No meu aniversário, passei o dia na escola, recebi abraços de vários amigos e amigas. A Karen me parabenizou por mensagem, mas só isso. Um dia super normal.
Almocei com minha família e às 4 da tarde fui pro meu quarto. Pouco depois, a Daniela apareceu na minha casa de surpresa. Deixaram ela entrar sem problema, e ela me deu a maior surpresa da minha vida. Ela estava na entrada do meu quarto, de macacão e aquele top de oncinha. Além do abraço, me deu um chocolate de presente. Pedi pra ela ficar à vontade, então deitamos na minha cama pra ver vídeos e conversar.
Logo começamos a brincar. Ela se deitava em cima de mim, mordia minha orelha ou tentava me fazer cócegas. Depois de um tempo, ela estava mordendo meu pescoço. Eu só empurrava meu quadril contra o dela, e ela, tímida, esfregava a pélvis na minha.
Quando ela se afastou, tentei beijá-la, mas ela não deixava. Preferia beijar minhas bochechas ou morder meu pescoço. Eu colocava as mãos na bunda dela, mas ela tirava e segurava minhas mãos. Ficamos de frente um pro outro, e ela continuava mexendo a pélvis contra a minha. Ela só beijou minha bochecha e se levantou...
— Preciso ir. Vou trabalhar e já tá tarde.
+ Espera, por que não posso te beijar?
— Quero, mas você tem namorada e isso me limita.
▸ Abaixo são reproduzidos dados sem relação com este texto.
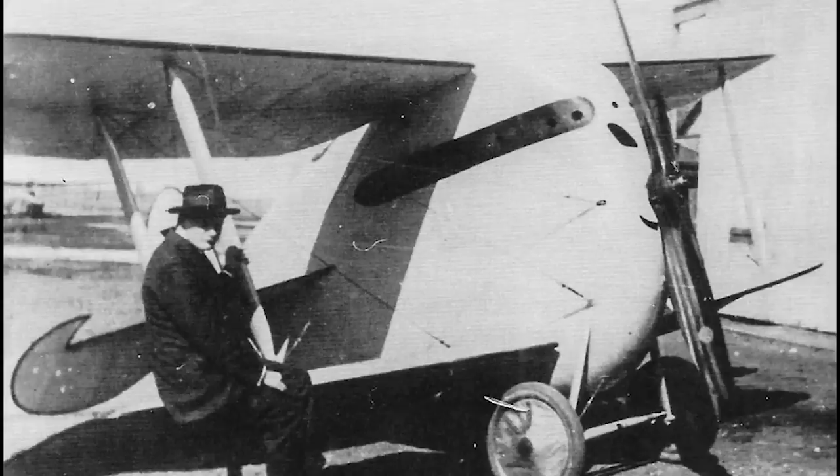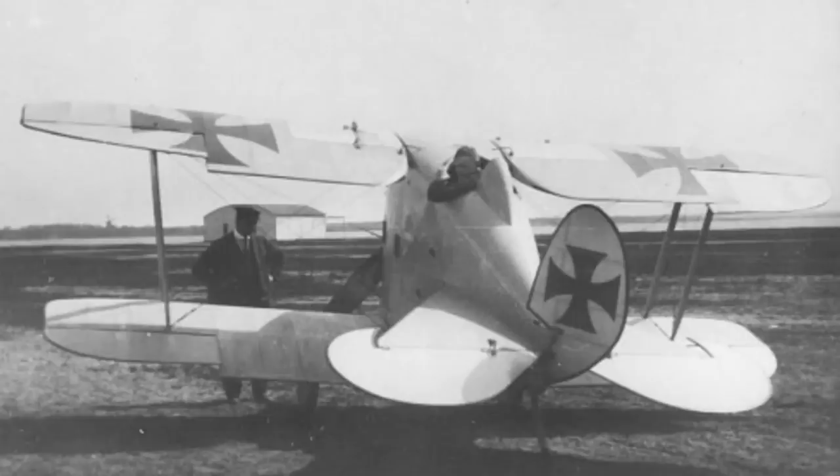A single-bay biplane, the Flea was only 14 feet 9 inches long — that's 4.3 meters — with a wingspan of 20 feet 4 inches, 6.2 meters. Construction was conventional, with wings constructed of wood, wire, and fabric, while the fuselage was a wooden frame skinned in plywood. Much of the aircraft's odd appearance can be attributed to the engine — a Mercedes D1 water-cooled six-cylinder that produced 100 horsepower — being buried in the tiny fuselage.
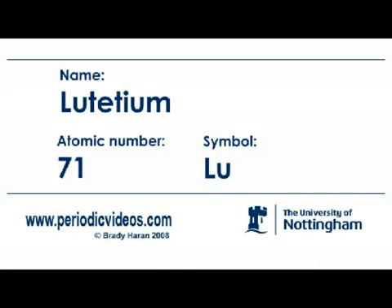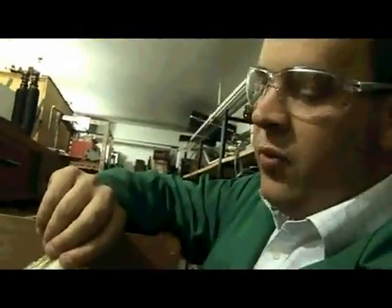Lutetium is the last of the 4F lanthanide series, and it's also used for dating meteorites. It's a very small sample — it weighs just a few milligrams — but it's a very nice sample, stored under an inert atmosphere so that we can control the chemistry. It's full of unreacted argon so we can't form the oxide.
+ Deixa eu fazer uma coisa...
— O quê?
+ Você disse que era minha submisso, não disse?
— O que você quer que eu faça?
Perguntou animada, mas ao mesmo tempo com dúvida.
+ Só senta aqui...
Sentei na beirada da cama e ela sentou no meu colo. Segurei ela pela cintura, e ela jogou a cabeça pra trás. Então peguei nos peitos dela por cima da roupa e perguntei...
— Posso?
Ela abriu o top, porque fechava na frente. Curiosamente, não tava usando nada por baixo. Pegou minha mão e colocou no peito dela. Os mamilos estavam durinhos e eram pequenos, tipo botõezinhos.
+ Você esperava que eu fizesse isso ou por que não tá usando mais nada?
— Mmmmh... Segura o outro também. Pega os dois.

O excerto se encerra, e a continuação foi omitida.